- **WORK TASK**:
Please filter the entries and return only the lines that include "Gold".

- **SOURCE DATA**:
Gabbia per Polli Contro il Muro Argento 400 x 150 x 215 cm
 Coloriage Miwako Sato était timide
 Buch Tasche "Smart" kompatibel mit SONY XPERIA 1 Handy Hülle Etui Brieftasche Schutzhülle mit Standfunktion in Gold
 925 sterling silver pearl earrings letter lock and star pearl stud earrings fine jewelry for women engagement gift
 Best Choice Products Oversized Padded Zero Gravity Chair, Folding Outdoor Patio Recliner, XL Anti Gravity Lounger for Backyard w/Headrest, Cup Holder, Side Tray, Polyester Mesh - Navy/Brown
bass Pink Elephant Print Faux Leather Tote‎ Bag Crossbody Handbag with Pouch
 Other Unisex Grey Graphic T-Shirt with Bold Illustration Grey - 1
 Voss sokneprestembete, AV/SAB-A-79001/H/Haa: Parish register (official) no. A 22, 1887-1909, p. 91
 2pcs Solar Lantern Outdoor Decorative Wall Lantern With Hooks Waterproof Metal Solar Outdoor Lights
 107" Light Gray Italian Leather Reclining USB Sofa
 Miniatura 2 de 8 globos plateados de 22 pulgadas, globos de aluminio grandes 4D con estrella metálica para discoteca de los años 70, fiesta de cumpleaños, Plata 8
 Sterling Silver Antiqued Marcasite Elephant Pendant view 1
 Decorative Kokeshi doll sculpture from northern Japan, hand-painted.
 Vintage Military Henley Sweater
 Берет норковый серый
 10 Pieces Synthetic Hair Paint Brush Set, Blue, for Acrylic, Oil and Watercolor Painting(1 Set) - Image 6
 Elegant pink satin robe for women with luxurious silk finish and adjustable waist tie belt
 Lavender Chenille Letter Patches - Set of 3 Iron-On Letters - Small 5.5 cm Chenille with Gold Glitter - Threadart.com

- **ANSWER SECTION**:
 Buch Tasche "Smart" kompatibel mit SONY XPERIA 1 Handy Hülle Etui Brieftasche Schutzhülle mit Standfunktion in Gold
 Lavender Chenille Letter Patches - Set of 3 Iron-On Letters - Small 5.5 cm Chenille with Gold Glitter - Threadart.com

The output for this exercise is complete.